Threshing and Winnowing



Matthew 3:7-12 Complete Jewish Bible (CJB)
— and he will immerse you in the Ruach HaKodesh and in fire. He has with him his winnowing fork; and he will clear out his threshing floor, gathering his wheat into the barn but burning up the straw with unquenchable fire!”

Threshing and Winnowing

Threshing means to beat the grain to loosen the husk which covers the wheat grain, and separate the stalks from the heads of the wheat. The husks are the chaff which blows away in the wind. The stalks are the straw.

Winnowing comes after threshing. To “winnow” is to blow a current of air through something; in this case, grain.
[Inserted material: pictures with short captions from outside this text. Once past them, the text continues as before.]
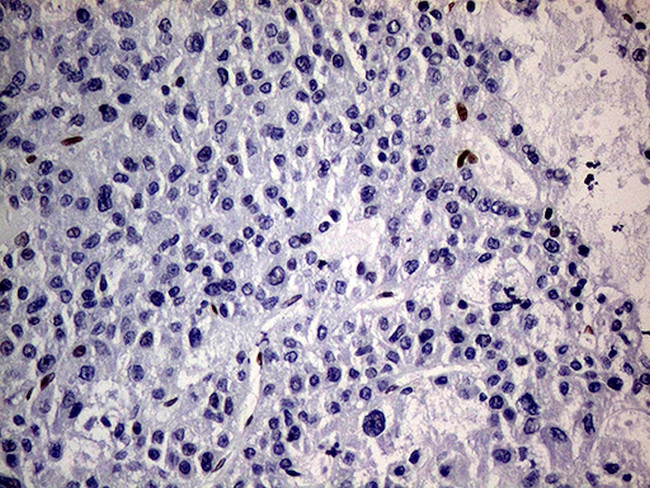 MEIS1 Antibody in Immunohistochemistry (Paraffin) (IHC (P))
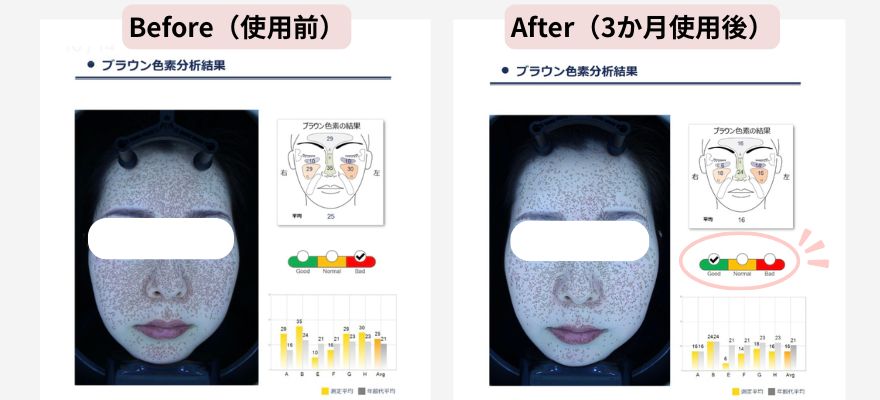VISIA肌診断機「ブラウン色素」の項目のビフォーアフター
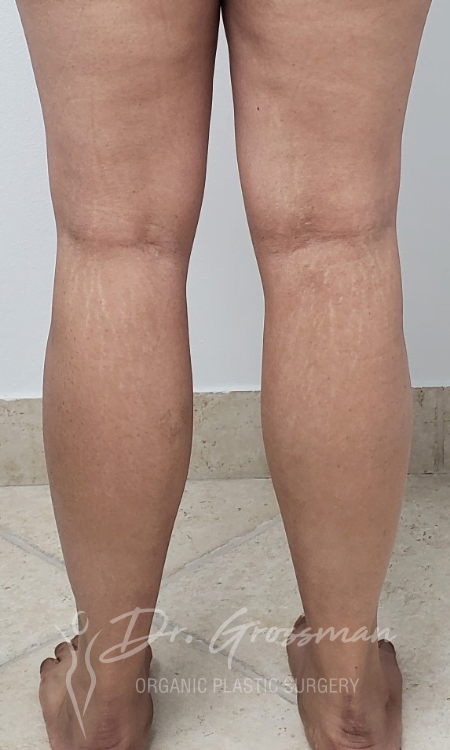 Calf Augmentation with Fat | New York City Plastic Surgery PC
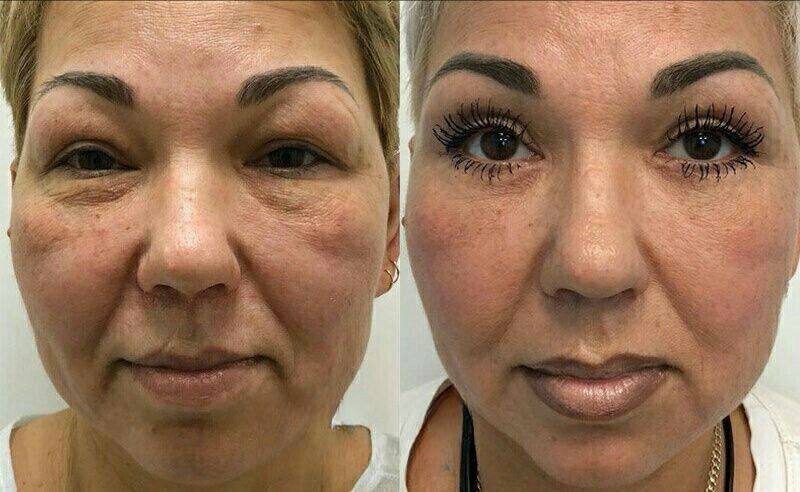 photo_2024-10-18_16-19-17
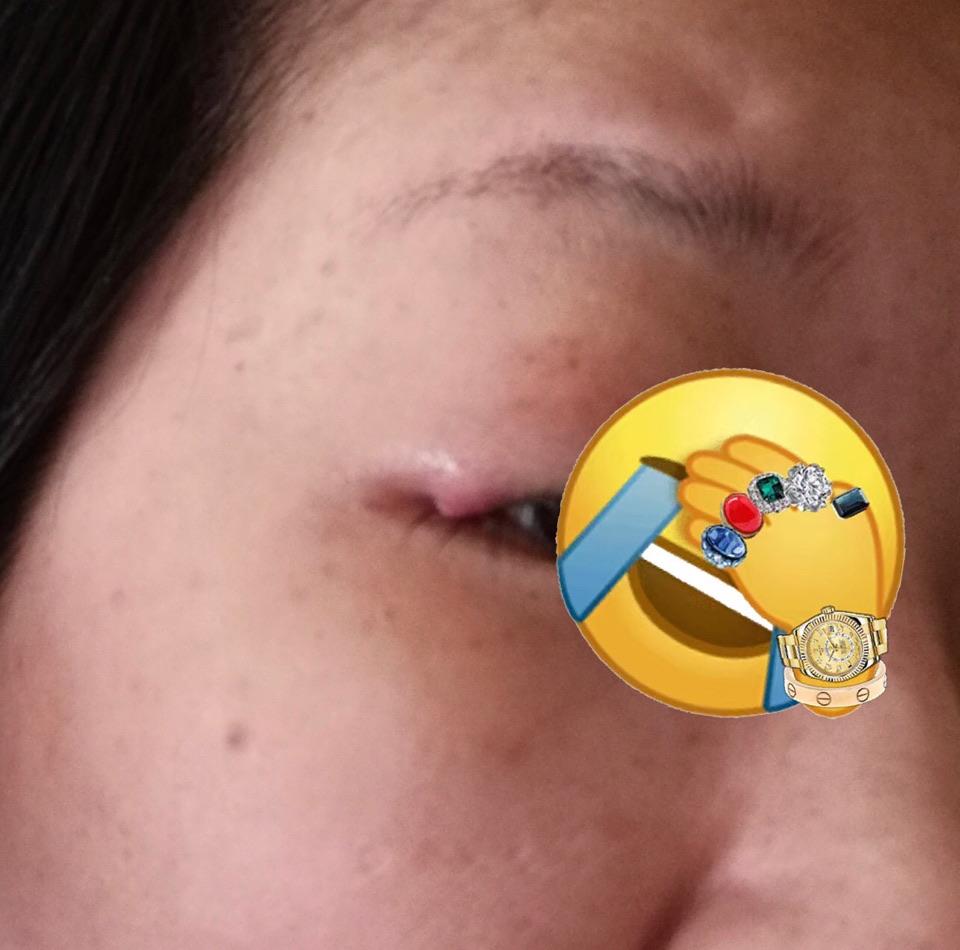 麦粒肿退不下去,怎么解决? - 微医(挂号网)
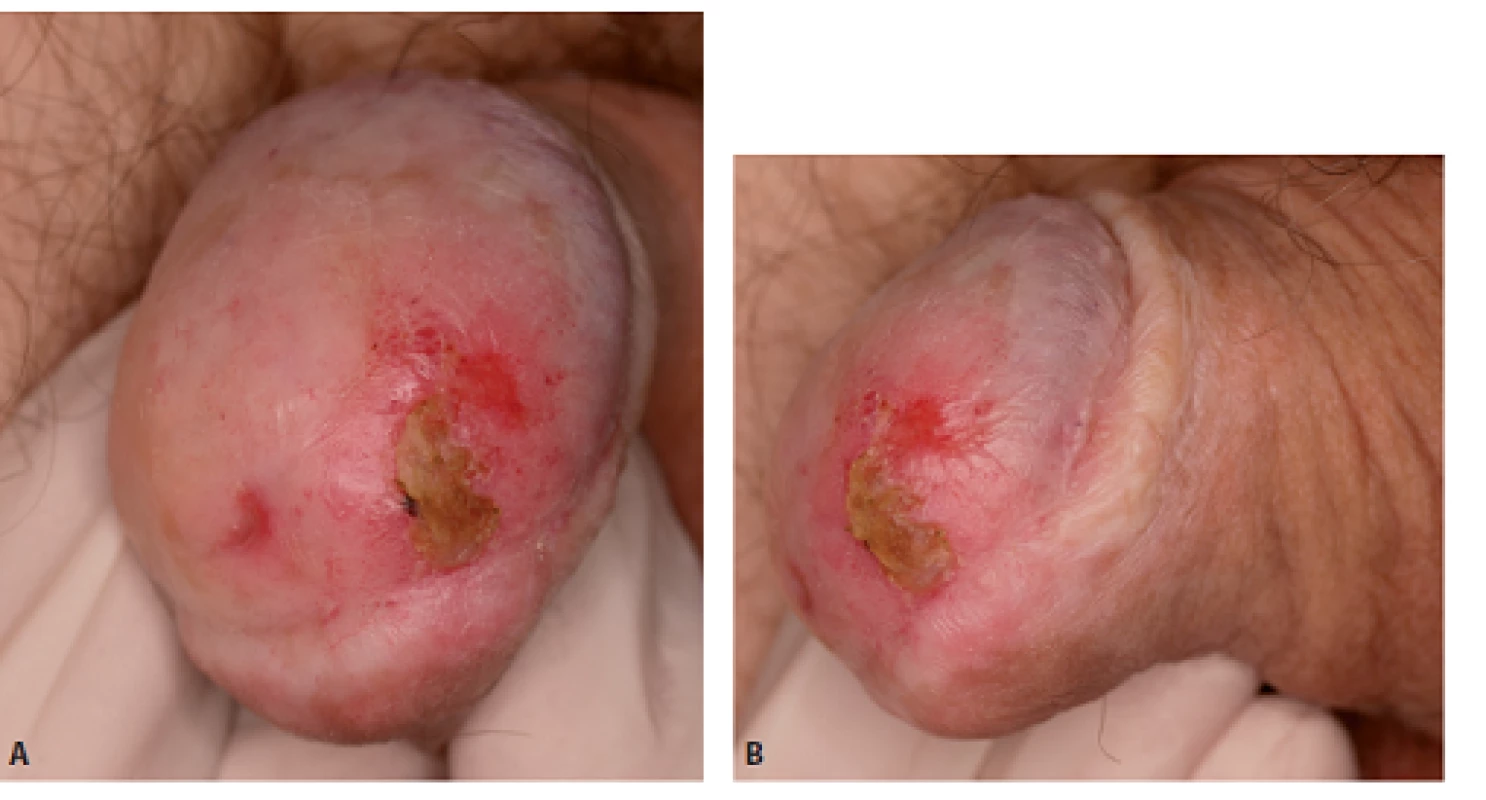 Muž, 62 let, 3 roky po cirkumcizi, histologicky „balanitis xerotica obliterans“ (novou nomenklaturou lichen sclerosus). Nyní biopsie PeIN a dlaždicobuněčný karcinom pT1, provedena glansektomie mj. i pro těžkou stenózu zevního ústí uretry. Defi nitivní histologie pT2G2, pozitivní okraje (čepy tumoru v uretře v oblasti spongiózního tělesa). Proto ve druhé době provedena totální amputace penisu a excize značených sentinelových uzlin, histologie pT0pN0.
Fig. 4. Man, 62-year-old, biopsy – PeIN and squamous cancer pT1. Glansectomy was performed, fi nal histology pT2G2, positive margins in urethra – in corpusa spongiosum.Total amputation and excision of sentinel lymph nodes
followed, histology pT0pN0.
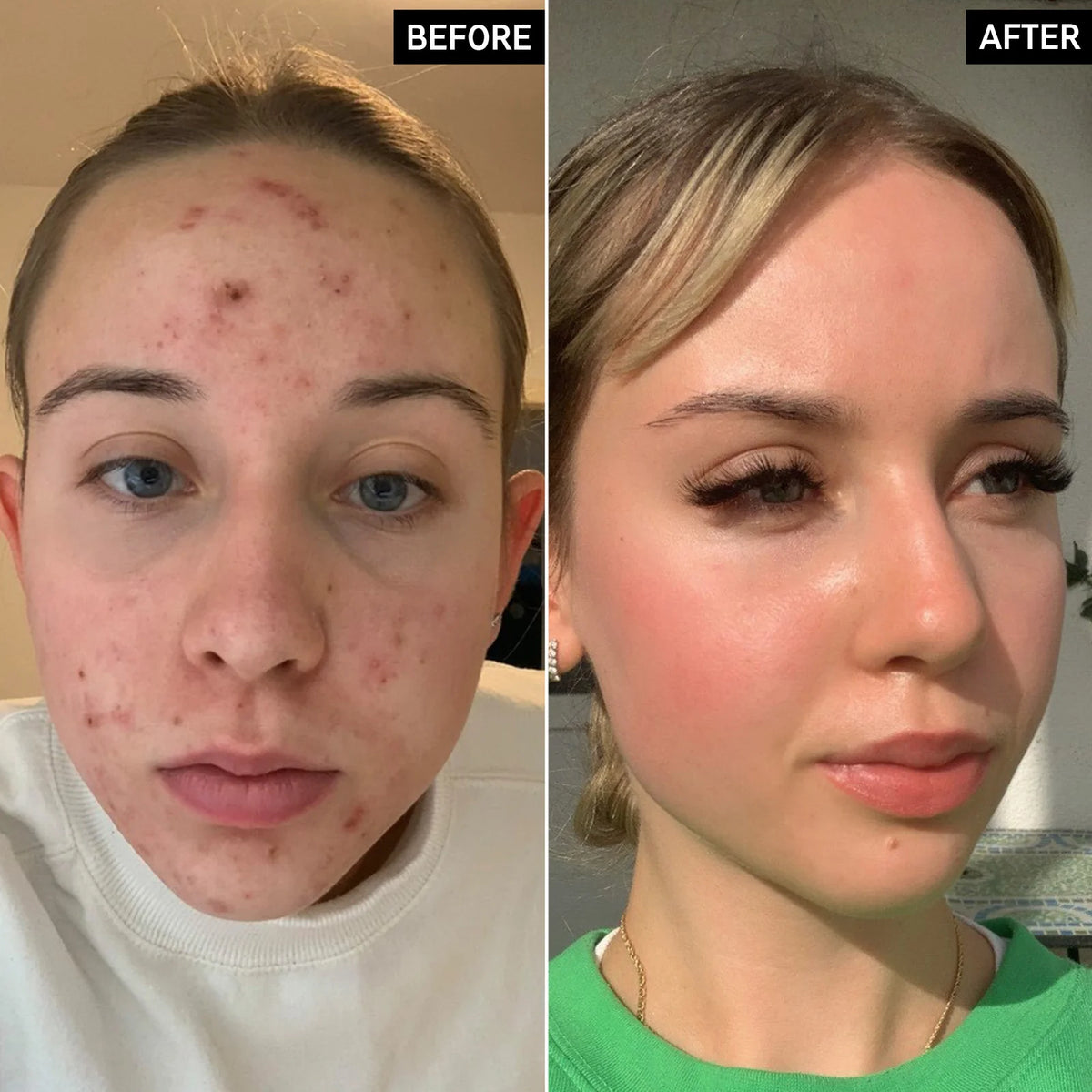 Concealer voor donkere vlekken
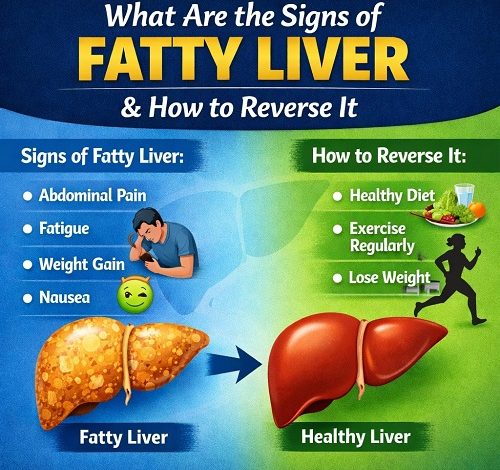 what are the signs of fatty liver and how to reverse it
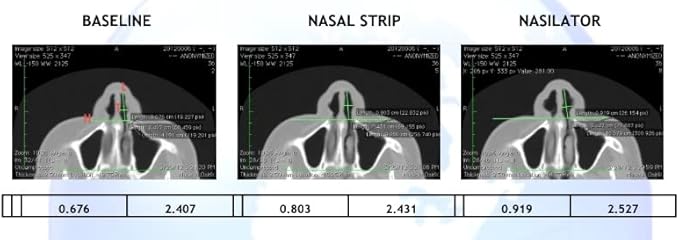 Made in USA! Nasilator Anti-Snoring Devices - Soft and Flexible Nasal Dilators | Improves Breathing & Sleeping | Snoring Solution | Reusable & Better Than Nasal Strips Pack of 4 (Medium)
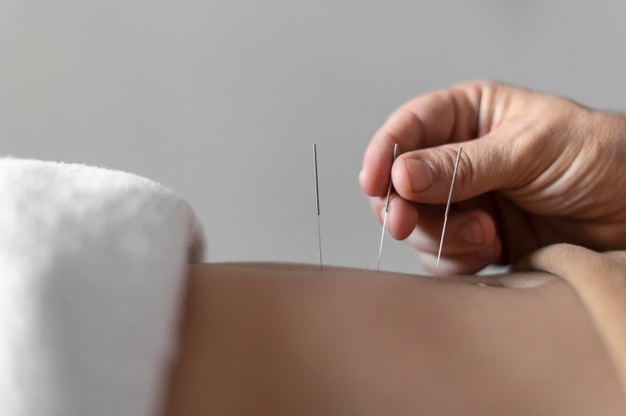 mão segurando agulha de acupuntura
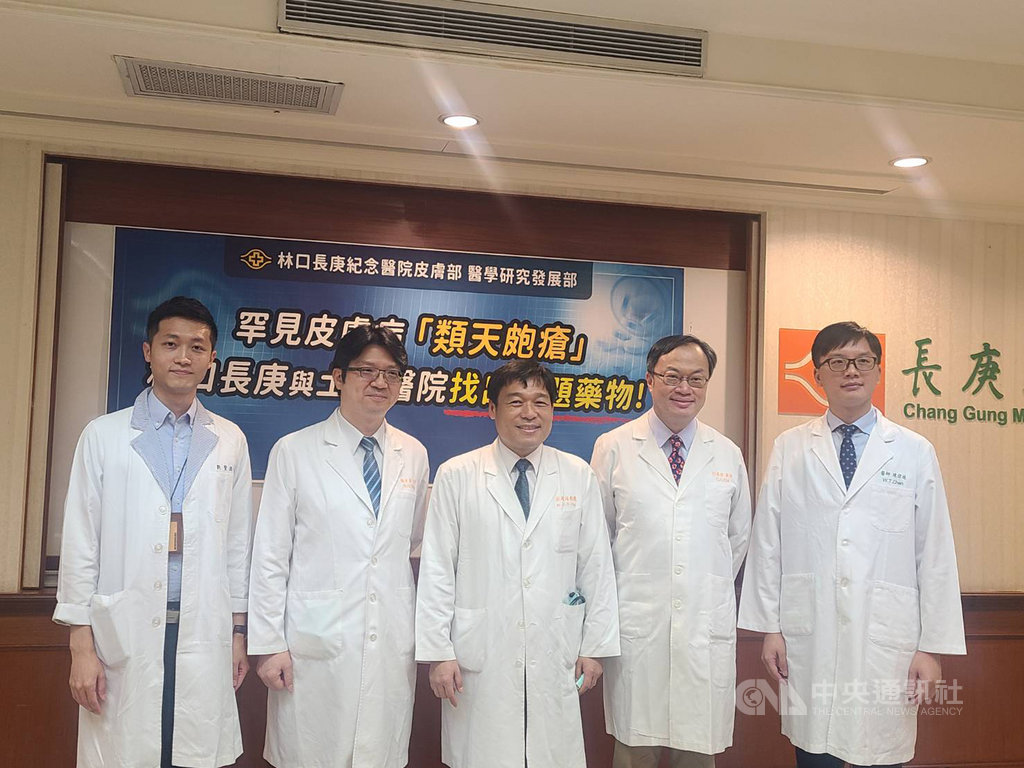 長庚醫院16日上午召開記者會公布最新研究成果,研究發現,特定降血糖藥、保鉀型利尿劑及帕金森氏症藥品,恐增加罕見皮膚病「類天皰瘡」風險,若蕁麻疹好不了或出現飽滿水泡應立即就醫。中央社記者張茗喧攝 109年9月16日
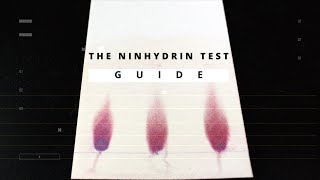 Ninhydrin Test A Detailed Guide to The Amines and Amino Acids Determination [upl. by Aicrag]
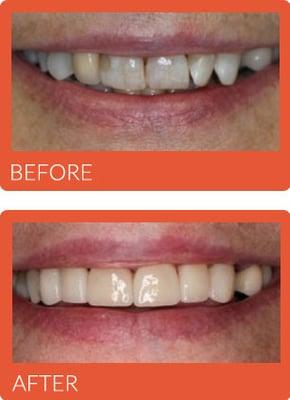 Before and After Photos - Alpine Meadows Family Dental in Lehi http://www.alpinemeadowsfamilydental.com/our-office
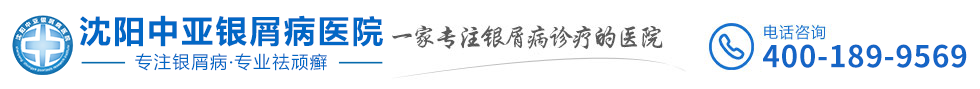 沈陽銀屑病醫院推薦-沈陽銀屑病醫院哪家好十大排名-沈陽中亞銀屑病醫院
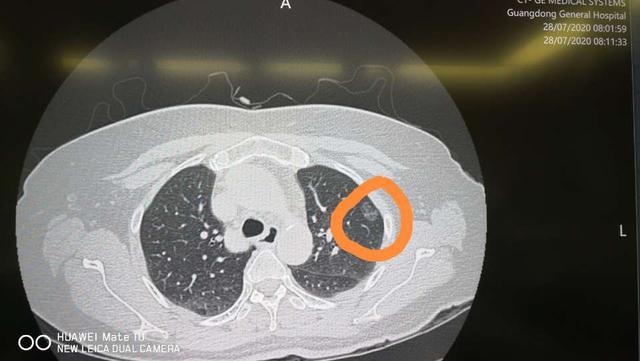 體檢發現肺部磨玻璃結節不必焦慮建議找有經驗的胸外科醫生隨訪或者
A winnowing fork is used to throw the grain up in the air so that the wind can blow the light chaff away and let the grain fall back down to the ground.

So, the metaphor here is ‘human beings as grain’. I can’t help but remember at this point that one of the enduring symbols of immortality, resurrection, and the body of Christ is a sheaf of wheat.

I’m going to stay away from the familiar interpretation of the grain on the threshing floor as a collective metaphor for the human race— which would make the meaning out to be this:  that some humans are wheat grains to be kept, and some humans are chaff, and some other humans are straw which will get burnt up. I don’t think that’s it at all!

No, I’m going with the notion that the metaphor represents quintessential human nature. Each of us is like a sheaf of wheat; each of us is made up of stalk and grain and chaff. To be of benefit to God, and to each other, we must be harvested, dried, threshed, and winnowed.

Precursor John is describing the baptism with which Christ baptizes us— the Wind and the Fire of God. He uses the metaphor of the wheat on the threshing floor as a continuation of the poetic image of the Ruach HaKodesh— the Wind of the Holy One, and the Fire of God. 

He’s describing how it is between Human Beings and God.



To be jarred loose from our dried-up stalks;

To be thrown high into the air and blown away on the Wind;

To fall back down to the ground at the Winnowers feet;

To be gathered up into the barn and saved as Food for one another;

To be gathered up as fuel and burned in the Fire that never dies.